Bolsonaro sempre foi franco quanto a isto, como comentou no 28 de agosto, ao ver as manifestações indígenas no eixo monumental: “essa gente quer voltar ao poder”.

“Essa gente” é uma variante da ruptura fascista entre “nós” e “eles”. Expressa a revolta dos “fuzis” contra 13 anos de vinheta da “Voz do Brasil” - a abertura de “O Guarani”, de Carlos Gomes - cantada por coral indígena.

Severinas

A divisória física entre “fuzis” e “feijões” só fica de pé porque se sustenta no apoio do pobre-sem-feijão aos ricos-com-fuzis.

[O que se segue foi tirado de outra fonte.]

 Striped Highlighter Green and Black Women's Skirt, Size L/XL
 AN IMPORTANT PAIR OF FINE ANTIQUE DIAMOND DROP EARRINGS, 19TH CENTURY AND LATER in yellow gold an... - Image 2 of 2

E, por sua vez, o apoio do pobre-sem-feijão aos ricos-com-fuzis ignora que, para o Mito, “essa gente” inclui outros tipos de “índios”: “comunistas”, “vagabundos”, “feministas”, “viados”, “deficientes”, “negros” e, no fim das contas, o próprio pobre.

Como no “Morte e vida Severina”, de João Cabral, a parte do pobre no latifúndio dos fuzis é o projétil “achado” que transforma um peito vivente em “perdido”, ou a bala “perdida” que acha a cabeça de seu filhinho brincando na porta de casa.

Concubinato

No entanto, além dos diversos tipos de “índios”, nossa versão bufa da Marcia su Roma – a de Mussolini, em 1922, também era originalmente circense – ameaça ainda o concubinato entre fascismo e neoliberalismo.

Dois dias após o “essa gente” de Bolsonaro, a icônica Faria Lima amanheceu com figuras de Paulo Guedes como “Faria Loser”. Sincronicamente, Globo, Record, Estadão e Folha, dedicaram-se a espancar o escroque.

Talvez os “farialaimers” tenham começado a desconfiar que o monstro fascista é inimigo não só do “sonho” igualitarista do trabalhador, como do “feijão” pragmático do empresário.

Oposição

O fato é que a tomada do Palácio do Planalto pelo fascismo desatualizou a falsa divergência entre “o feijão” e o “sonho”. Pragmatismo e idealização são atributos de sociedades civilizadas, e não de hordas bestializantes.

Trata-se, agora, de combater os “fuzis”. Com muito “feijão”, e com muito sonho.

*Jorge Normando Rodrigues é assessor jurídico do Sindipetro-NF e da FUP

**Este artigo não reflete, necessariamente, a opinião da Revista Fórum.